Err, that's not a definition, that's a example of pathologically useless 'documentation' that a perverse implementation might provide if it were allowed to 'define' implementation-defined behaviour by deferring to the hardware. Deferring to the hardware is what undefined behaviour is, the point of implementation-defined behaviour is to be less vague than that.
> may be documented to produce arbitrary results, and that documentation may be so vague as to be useless, but those overflow/null pointer checks are staying put. [emphasis added]
Yes, exactly; that is what undefined behaviour is. That is what "the standard imposes no requirements" means.

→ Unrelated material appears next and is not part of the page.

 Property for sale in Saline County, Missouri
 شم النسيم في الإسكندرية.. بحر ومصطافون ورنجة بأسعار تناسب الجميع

> Deferring to the hardware is what undefined behaviour is
If that were the case, the Standard would say so. The entire reason people argue over this in the first place is because the Standard's definition of undefined behavior allows for multiple interpretations.
In any case, you're still missing the point. It doesn't matter how good or bad the documentation of implementation-defined behavior may or may not be; the important part is that compilers cannot optimize under the assumption that control flow paths containing implementation-defined behavior are never reached. Null-pointer checks, overflow checks, etc. would remain in place.
> Yes, exactly; that is what undefined behaviour is. That is what "the standard imposes no requirements" means.
I think you're mixing standardese-undefined-behavior with colloquial-undefined-behavior here. For example, if reading an uninitialized variable were implementation-defined behavior, and an implementation said the result of reading an uninitialized variable was "whatever the hardware returns", you're going to get some arbitrary value/number, but your program is still going to be well-defined in the eyes of the Standard.
When I said implementation-defined, I meant implementation-defined. This is because the applicability of UB-based optimization to implementation-defined behavior - namely, the lack thereof - is wholly uncontroversial. Thus, the diversion into the quality of documentation-defined behavior is not directly relevant here; the mere act of changing something from undefined behavior to implementation-defined behavior neatly renders irrelevant any argument about whether any particular UB-based optimization is valid.
> Compilers cannot assume that, because (in the general case) it is not true.
This is not necessarily true. For example, consider the semantics of the restrict keyword. The guarantees promised by a restrict-qualified pointer aren't true in the general case, but preventing optimizations because of that rather defeats the entire purpose of restricting a pointer in the first place.
More generally, the entire discussion about UB-based optimizations exists precisely because the Standard permits a reading such that compilers can make optimizations that don't hold true in the general case, precisely because the Standard imposes no requirements on programs that violate those assumptions.
> I think the author of that blog was correct: the preferred path is for the compiler to provide data to the programmer to simplify the loop.
Requiring the equivalent of PGO is a rather unfortunate bar, though to be fair if you're that interested in performance it's probably something worth looking into anyways.
I'm curious how how noisy an always-on warning for undersized loop variables would be, or how much code would have broken if int were changed to 64 bits on 64-bit platforms...
> For your godbolt example, use the C compiler not c++
Sorry; that was a mistake on my end. The same phenomenon occurs when compiling in C mode, in any case [0].
Returning a pointer is certainly a use. In any event, the prevailing interpretation makes it impossible to write a defined memory allocator in C.
If a program writes through a dangling pointer and clobbers a return address, the programmer made an error and unpredictable results follow. C is inherently memory unsafe. No UB based labrynth of optimizations can change that. It is not designed to be memory safe: it has other design goals.